Berman, Wicks, Kotha, and Jones (1999)

Berman, Shawn L., Andrew C. Wicks, Suresh Kotha, and Thomas M. Jones. "Does Stakeholder Orientation Matter? An Empirical Examination of the Relationship Between Stakeholder Management Models and Firm Financial Performance." Academy of Management Journal, October 1999.

Investigates the impact of stakeholder relationships (using data from the KLD Socrates database) on the financial performance (return on assets, from the Compact Disclosure 1997 database) of 81 publicly traded members of the Fortune 100 for the 1991-1996 time period.

The social factors used as independent variables are Community, Diversity, Employees, Natural Environment, and Product Safety. Several financial variables (termed "strategy variables" are use. These include selling intensity (SG&A / Sales), capital expenditures (capex/sales), efficiency (cost of goods sold / sales), and capital intensity (assets / number of employees). In addition, three operating environment variables are employed - "dynamism" (an industry sales variability measure), "munificence" (industry sales growth), and "power" (a measure of market concentration).

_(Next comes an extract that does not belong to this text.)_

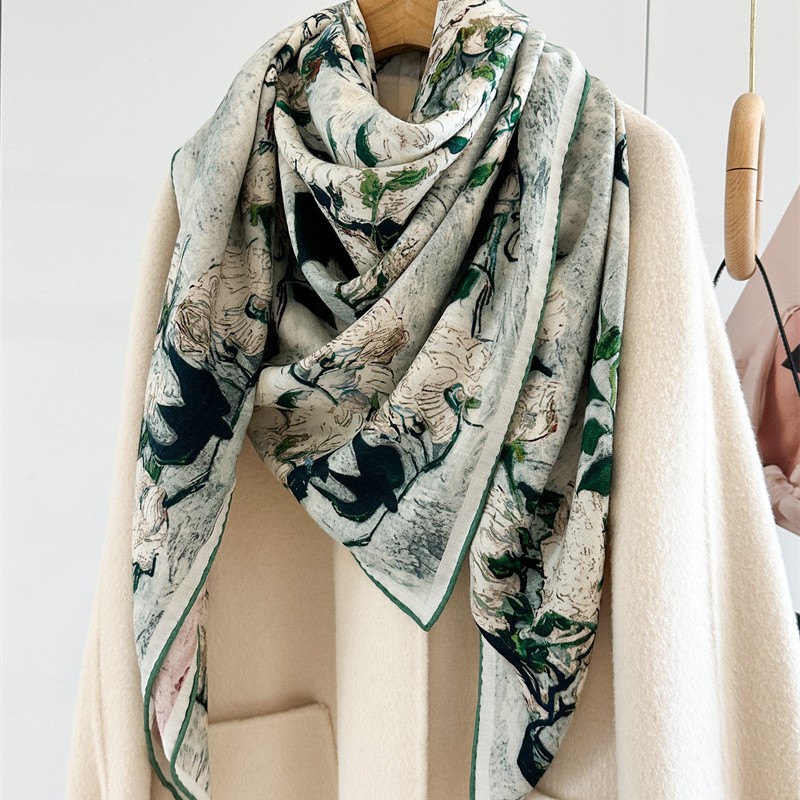 Luxury 135x135cm Silk Wool Sca - đánh giá và giá Shawl Wrap Winter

The authors studied the impacts of these variables using a variety of regressions, some of which tested for interaction relationships. In the direct effects model, only two of the social factors, Employees (p<0.01) and Product Safety (p<0.05), had a statistically significant impact on return on assets. The other three social factors had insignificant direct effects on ROA, but were important in a "moderation" model (i.e., influenced other independent variables), suggesting that "the relationship between stakeholder relationships, strategy, and financial performance is more complex than suggested by the direct effects model."